SUPPLIED INFORMATION Start Marker

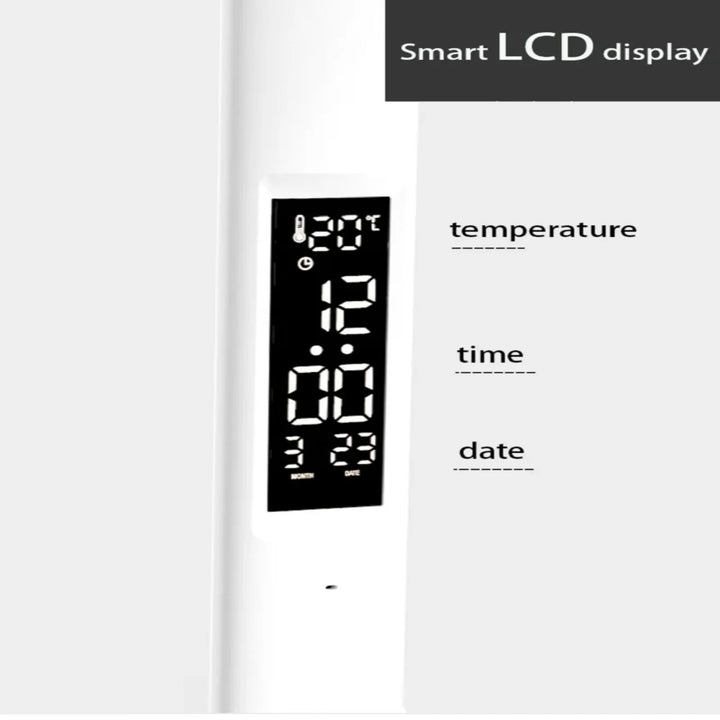 Led Table Lamp  Foldable USB Rechargeable With Alarm Clock Thermometer Dimmable Night Light  Desk Study Reading Lamp Desk setup - Vogue Vista UK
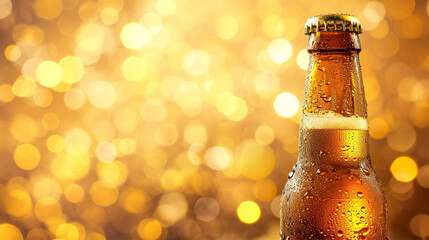 Chilled bottle of beer on a bright golden background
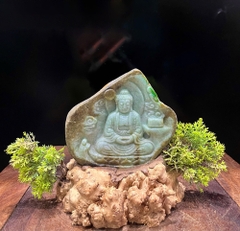 Phật Tổ A Di Đà Ngọc Phỉ Thuý 25x16x13cm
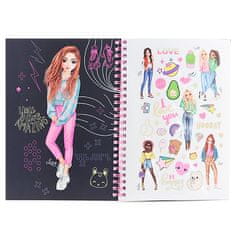 Top Model kifestőkönyv | Topmodell Neon Doodle könyv, 3 neon henger, matricák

SUPPLIED INFORMATION End Marker

# TASK REQUIREMENTS
Pictures must be left out. Return verbatim only the lines from the line with "Chilled bottle of" through the final line of the material above, including both ends.

# ANSWER TO THIS TASK
 Chilled bottle of beer on a bright golden background
 Phật Tổ A Di Đà Ngọc Phỉ Thuý 25x16x13cm
 Top Model kifestőkönyv | Topmodell Neon Doodle könyv, 3 neon henger, matricák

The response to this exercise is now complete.